It works! I think this is really amazing.

Let's simplify the A and B values:

```
>>> values[A].subs(phi, values[phi]).simplify()
√5
──
5
>>> values[B].subs(phi, values[phi]).simplify()
-√5
────
5
```

These can be also written as $\frac{1}{\sqrt 5}$ and $-\frac{1}{\sqrt 5}$ because $5 = (\sqrt 5\ )^2$, but sympy likes to put square roots to top for some reason. Anyway, with this we can write a much cleaner formula:

$$\begin{align}F_n &= A \varphi^n + B (1-\varphi)^n \\ &= \frac{1}{\sqrt 5} \varphi^n - \frac{1}{\sqrt 5} (1-\varphi)^n \\ &= \frac{\varphi^n - (1-\varphi)^n}{\sqrt 5} \\ &= \frac{\left(\frac{1 + \sqrt 5}{2}\right)^n - \left(\frac{1 - \sqrt 5}{2}\right)^n}{\sqrt 5}\end{align}$$There it is! If you like code obfuscation, you can replace the constants with hard-coded floats:

```
>>> from math import sqrt
>>> (1 + sqrt(5))/2
1.618033988749895
>>> (1 - sqrt(5))/2
-0.6180339887498949
>>> sqrt(5)
2.23606797749979
>>> def lelfib(n): return (1.618033988749895**n - (-0.6180339887498949)**n)/2.23606797749979
...
>>> lelfib(1)
1.0
>>> lelfib(2)
1.0
>>> lelfib(3)
2.0
>>> lelfib(4)
3.0000000000000004
>>> lelfib(5)
5.000000000000001
>>> lelfib(6)
8.000000000000002
>>> lelfib(7)
13.000000000000002
>>> lelfib(8)
21.000000000000004
```

The formula is correct as we'll see in a moment. Floats are not meant to be mathematically precise, so the little precision problems are not a surprise.

## The Proof¶

Now we have a nice formula, but we haven't actually proved that it works yet. We just plugged in some values and we got nice results. It's time to prove that this sequence...

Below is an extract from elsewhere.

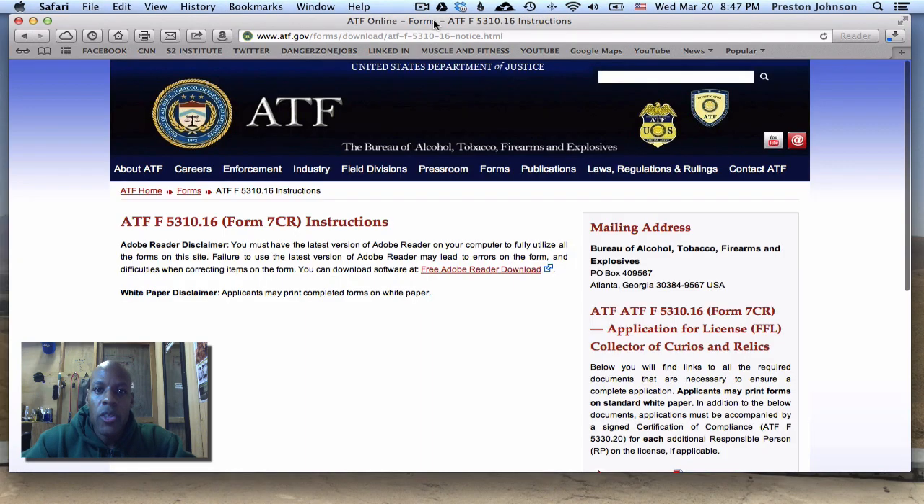Welcome back. Let's talk about the federal firearms license Class 3. What that license does for you is allows you to purchase and collect older weapons — weapons known as curios and relics, as the ATF classifies them. This is one of the easiest and cheapest licenses you can get. It's going to cost you $35 and it's good for three years.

$$\begin{align}F_n = \frac{\varphi^n - (1-\varphi)^n}{\sqrt 5}, \quad n = 1,2,3,...\end{align}$$...satisfies our original definition of the Fibonacci sequence:

$$\begin{align}\left\{\begin{array}{lcl} F_1 = 1 \\ F_2 = 1 \\ F_n = F_{n-1} + F_{n-2}, \quad n = 3,4,5,... \\ \end{array}\right.\end{align}$$## Handy thing: $(a-b)^2=a^2-2ab+b^2$

Proof using $(a-b)c=ac-bc$:

$$\begin{align}& \ (a-b)^2 \\ =&\ (a-b)(a-b) \\ =&\ a(a-b)-b(a-b) \\ =&\ (aa-ab)-(ba-bb) \\ =&\ aa-ba-ab+bb \\ =&\ aa-(ab+ab)+bb \\ =&\ a^2-2ab+b^2\end{align}$$In this case we need to plug in $a=1$ and $b=\varphi$.

This will be a *proof*, so we won't use sympy.

The $F_1=1$ thing is quite straight-forward to prove:

$$\begin{align}F_1 &= \frac{\varphi^1 - (1-\varphi)^1}{\sqrt 5} = \frac{\varphi - (1-\varphi)}{\sqrt 5} \\ &= \frac{\varphi-1+\varphi}{\sqrt 5} = \frac{2\varphi - 1}{\sqrt 5} = \frac{\rcancel 2 \frac{1+\sqrt 5}{\rcancel 2} - 1}{\sqrt 5} \\ &= \frac{\rcancel{1}+\sqrt5\rcancel{-1}}{\sqrt5} = \frac{\sqrt5}{\sqrt5} = 1\end{align}$$We need the handy thing at right for $F_2=1$.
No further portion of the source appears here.